Search the records below for the string "Tiergarten" and copy each line where it turns up.

| Input for this task |
------------------------
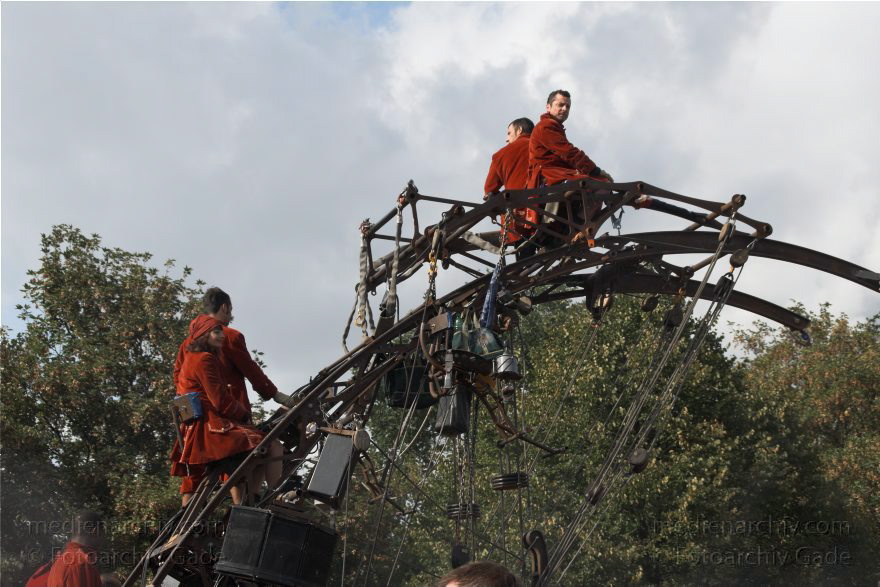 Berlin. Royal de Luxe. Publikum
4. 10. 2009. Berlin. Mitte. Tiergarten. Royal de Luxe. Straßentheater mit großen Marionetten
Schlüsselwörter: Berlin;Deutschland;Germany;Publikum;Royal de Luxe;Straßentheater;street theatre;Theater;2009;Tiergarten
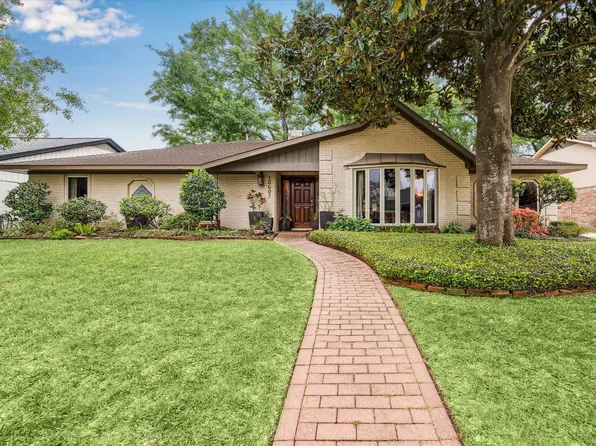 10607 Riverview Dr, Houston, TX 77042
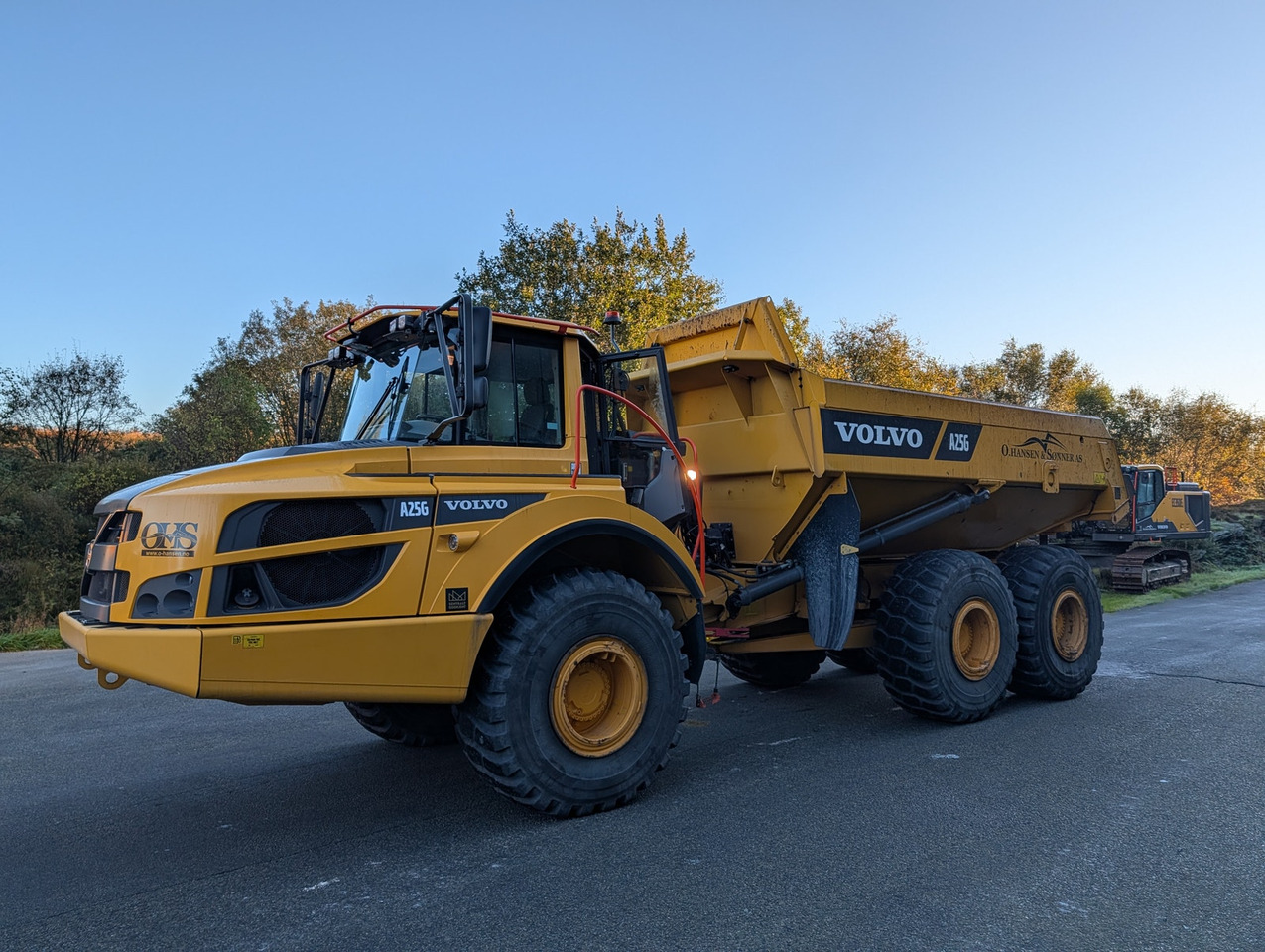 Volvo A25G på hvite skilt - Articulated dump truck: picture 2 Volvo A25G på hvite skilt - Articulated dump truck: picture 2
------------------------
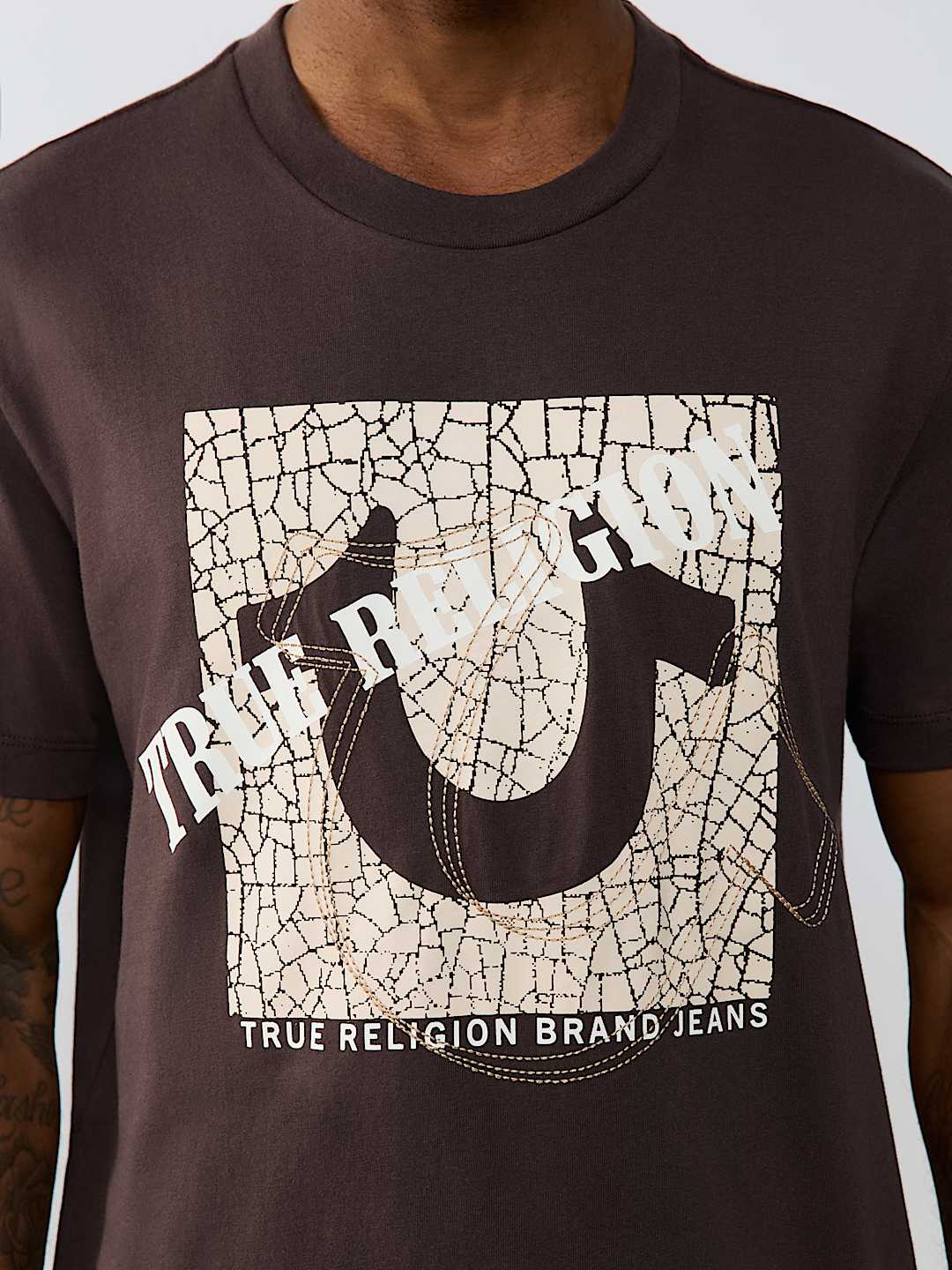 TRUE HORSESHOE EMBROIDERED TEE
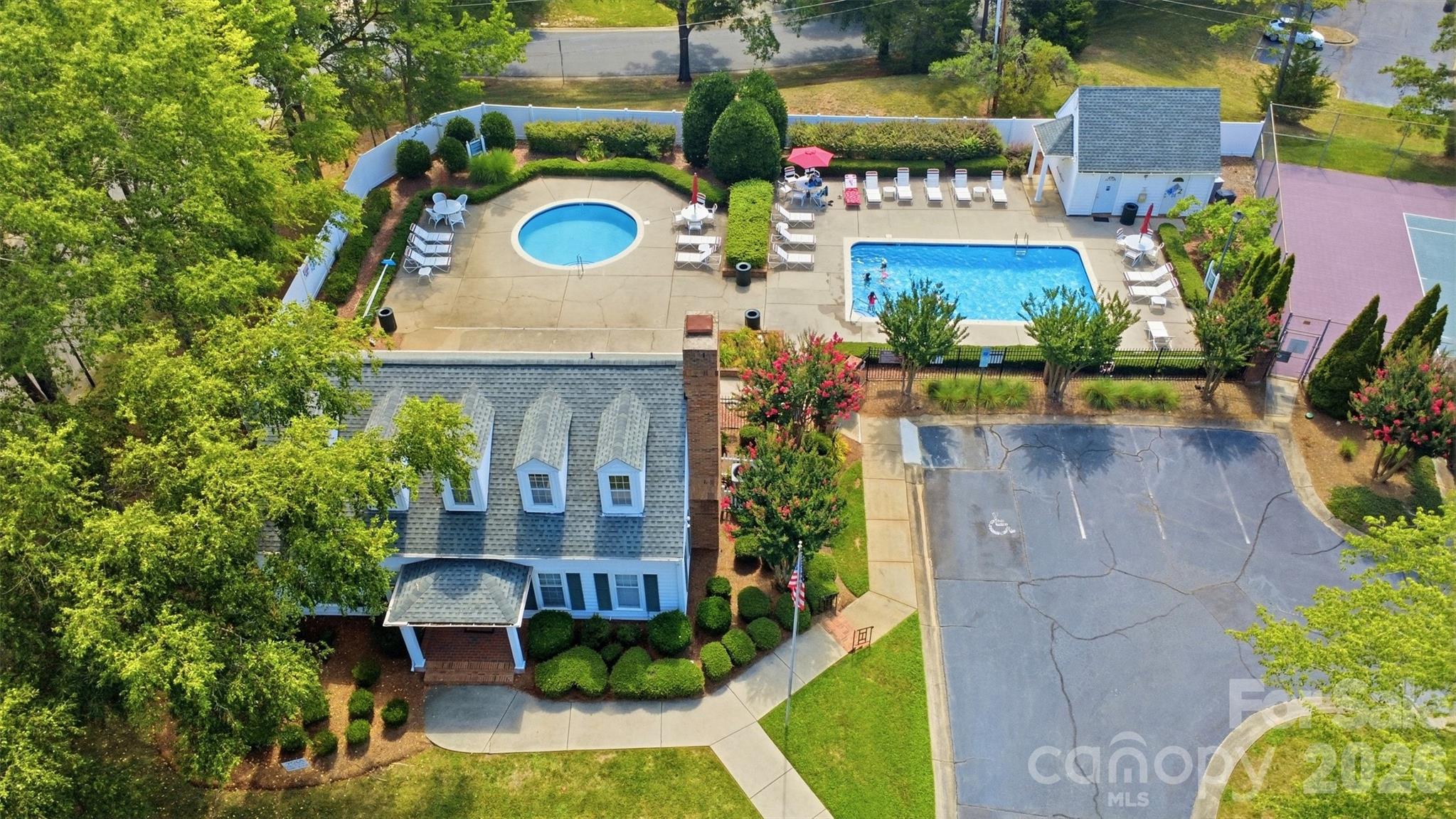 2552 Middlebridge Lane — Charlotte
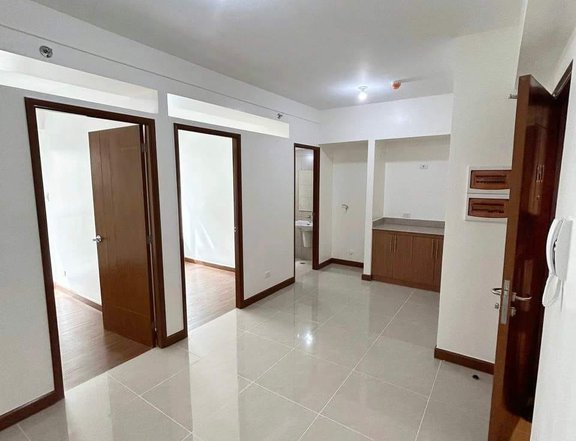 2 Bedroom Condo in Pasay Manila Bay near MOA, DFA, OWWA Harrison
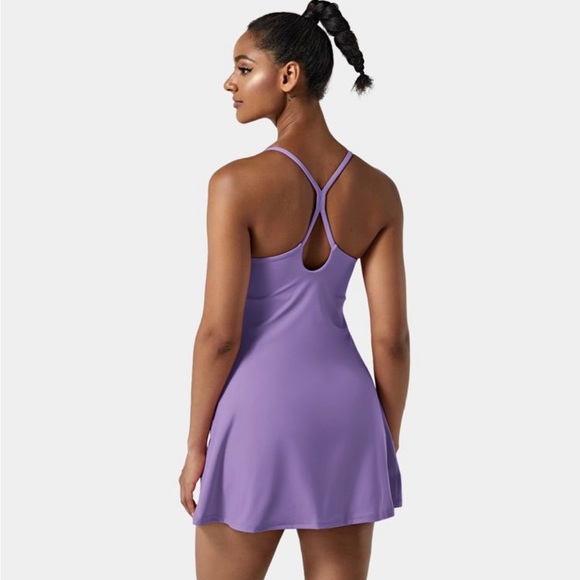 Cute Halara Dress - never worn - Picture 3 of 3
------------------------
| Answer box |
4. 10. 2009. Berlin. Mitte. Tiergarten. Royal de Luxe. Straßentheater mit großen Marionetten
Schlüsselwörter: Berlin;Deutschland;Germany;Publikum;Royal de Luxe;Straßentheater;street theatre;Theater;2009;Tiergarten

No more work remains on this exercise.